%%

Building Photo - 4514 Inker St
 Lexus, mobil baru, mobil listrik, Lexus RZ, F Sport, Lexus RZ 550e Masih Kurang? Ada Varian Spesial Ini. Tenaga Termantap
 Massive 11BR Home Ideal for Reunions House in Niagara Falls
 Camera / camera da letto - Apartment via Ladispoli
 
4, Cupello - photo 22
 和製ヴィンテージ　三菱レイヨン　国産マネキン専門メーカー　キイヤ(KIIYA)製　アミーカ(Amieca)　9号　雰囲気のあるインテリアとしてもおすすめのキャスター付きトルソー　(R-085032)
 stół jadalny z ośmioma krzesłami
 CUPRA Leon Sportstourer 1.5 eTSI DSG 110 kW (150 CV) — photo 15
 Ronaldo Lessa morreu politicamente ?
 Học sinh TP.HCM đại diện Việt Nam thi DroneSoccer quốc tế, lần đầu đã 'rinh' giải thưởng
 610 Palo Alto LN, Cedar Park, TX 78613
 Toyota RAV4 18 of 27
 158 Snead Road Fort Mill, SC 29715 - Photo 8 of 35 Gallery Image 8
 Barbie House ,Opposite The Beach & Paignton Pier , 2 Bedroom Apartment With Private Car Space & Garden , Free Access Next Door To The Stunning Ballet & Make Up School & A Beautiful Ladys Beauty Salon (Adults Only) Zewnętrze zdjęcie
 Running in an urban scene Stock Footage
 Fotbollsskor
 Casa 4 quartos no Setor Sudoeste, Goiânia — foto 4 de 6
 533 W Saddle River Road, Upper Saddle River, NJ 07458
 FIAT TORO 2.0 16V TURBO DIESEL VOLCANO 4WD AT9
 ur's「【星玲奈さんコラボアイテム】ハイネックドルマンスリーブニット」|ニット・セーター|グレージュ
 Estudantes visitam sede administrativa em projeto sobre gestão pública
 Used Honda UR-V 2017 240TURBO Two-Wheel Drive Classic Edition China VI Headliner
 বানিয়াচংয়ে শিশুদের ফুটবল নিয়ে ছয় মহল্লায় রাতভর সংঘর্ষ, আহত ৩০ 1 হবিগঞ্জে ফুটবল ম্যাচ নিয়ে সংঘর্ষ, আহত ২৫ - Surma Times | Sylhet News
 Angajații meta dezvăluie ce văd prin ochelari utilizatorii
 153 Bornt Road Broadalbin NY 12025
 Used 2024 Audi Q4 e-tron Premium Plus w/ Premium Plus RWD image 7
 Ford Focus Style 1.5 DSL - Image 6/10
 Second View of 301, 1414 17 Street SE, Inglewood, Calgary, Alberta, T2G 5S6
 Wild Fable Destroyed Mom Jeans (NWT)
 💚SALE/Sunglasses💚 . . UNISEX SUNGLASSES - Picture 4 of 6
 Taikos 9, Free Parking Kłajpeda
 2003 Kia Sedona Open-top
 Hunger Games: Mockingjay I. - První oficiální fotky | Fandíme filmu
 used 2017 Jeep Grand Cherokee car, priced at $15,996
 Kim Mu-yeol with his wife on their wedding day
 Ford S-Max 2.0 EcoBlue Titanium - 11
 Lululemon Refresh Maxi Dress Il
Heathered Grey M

%%

> _PROBLEM_
Filter the entries down to the lines containing "House". Copy each of those lines.

> _YOUR RESPONSE_
 Massive 11BR Home Ideal for Reunions House in Niagara Falls
 Barbie House ,Opposite The Beach & Paignton Pier , 2 Bedroom Apartment With Private Car Space & Garden , Free Access Next Door To The Stunning Ballet & Make Up School & A Beautiful Ladys Beauty Salon (Adults Only) Zewnętrze zdjęcie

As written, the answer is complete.